─── Data shown ───

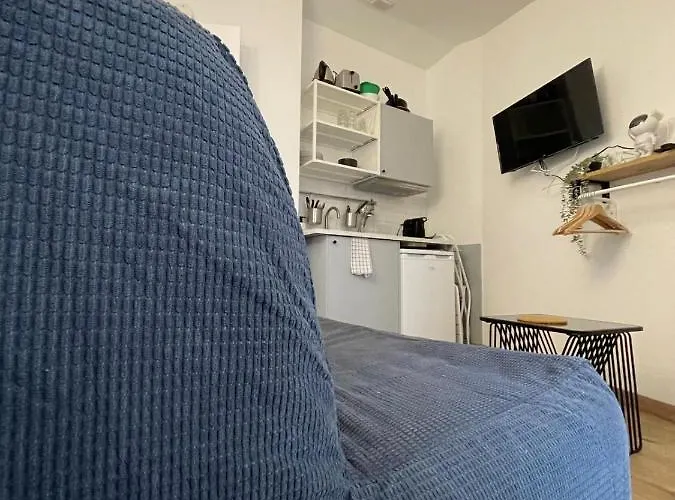 Coastal Appartement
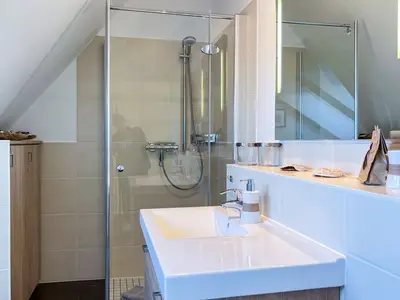 Ferienwohnung für 3 Personen (48 m²) in Zingst 10/10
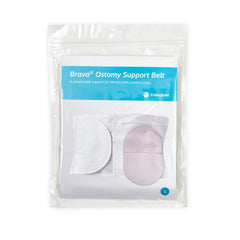 BELT, OSTOMY BRAVA SUPPORT XLG(1/BX)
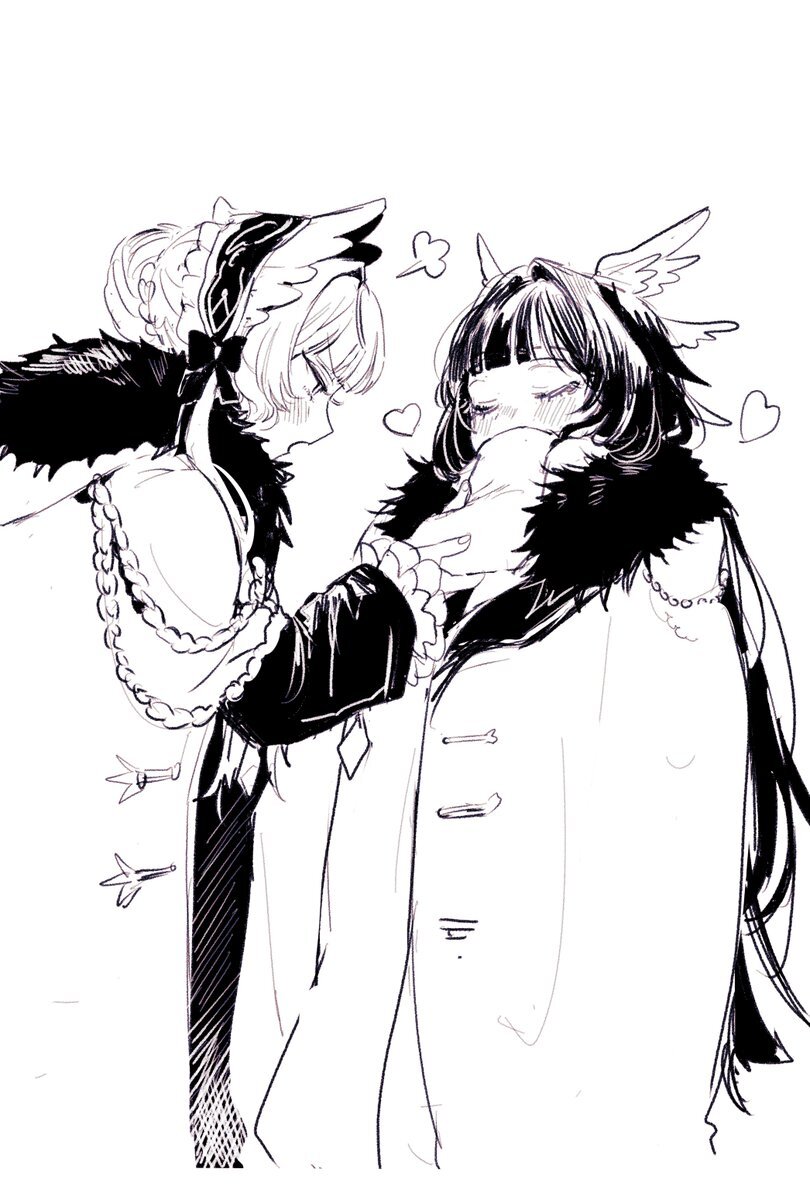 「原神」コロサン、ストーリー展開にファン興奮！「てぇてぇ」「尊い」の声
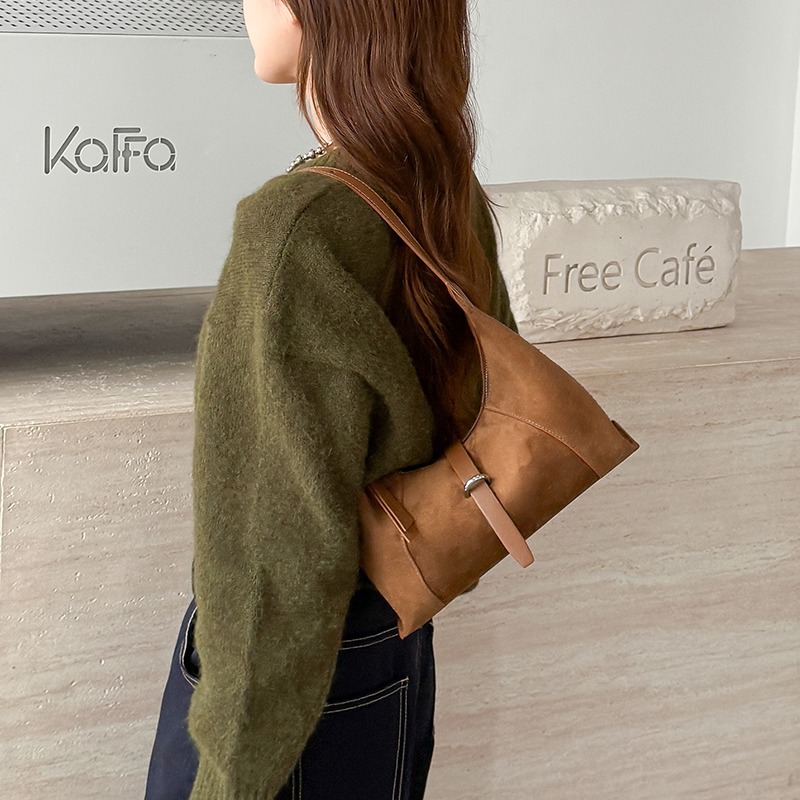Ladies' suede handbag designer - Leatherwork Designs 评论和价格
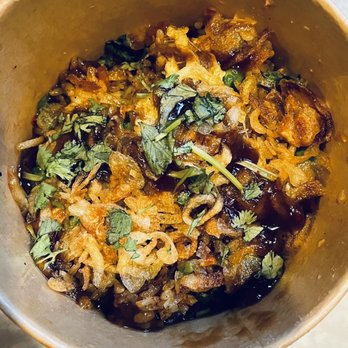 CHIKO - Orange Chicken - Asian Fusion Near Me - Encinitas, California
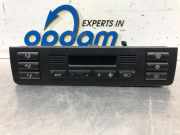 Heizungsbetätigung (Konsole) BMW 3er Coupe E46 64116917004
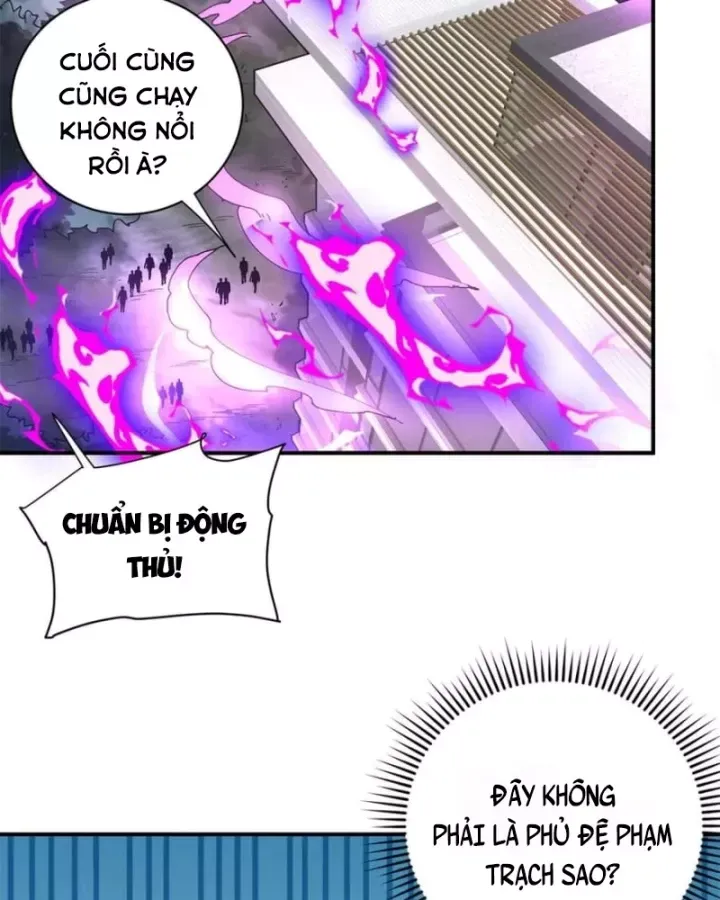 đọc truyện Siêu Thần Chế Tạp Sư Chương 176 ảnh 23 tại Thiên Thai Truyện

───

- Assignment
With the pictures left out, output exactly the lines that begin at the line containing "BELT, OSTOMY BRAVA SUPPORT XLG(1/BX)" and end at the last line of the material.

- Exercise output
 BELT, OSTOMY BRAVA SUPPORT XLG(1/BX)
 「原神」コロサン、ストーリー展開にファン興奮！「てぇてぇ」「尊い」の声
Ladies' suede handbag designer - Leatherwork Designs 评论和价格
 CHIKO - Orange Chicken - Asian Fusion Near Me - Encinitas, California
 Heizungsbetätigung (Konsole) BMW 3er Coupe E46 64116917004
 đọc truyện Siêu Thần Chế Tạp Sư Chương 176 ảnh 23 tại Thiên Thai Truyện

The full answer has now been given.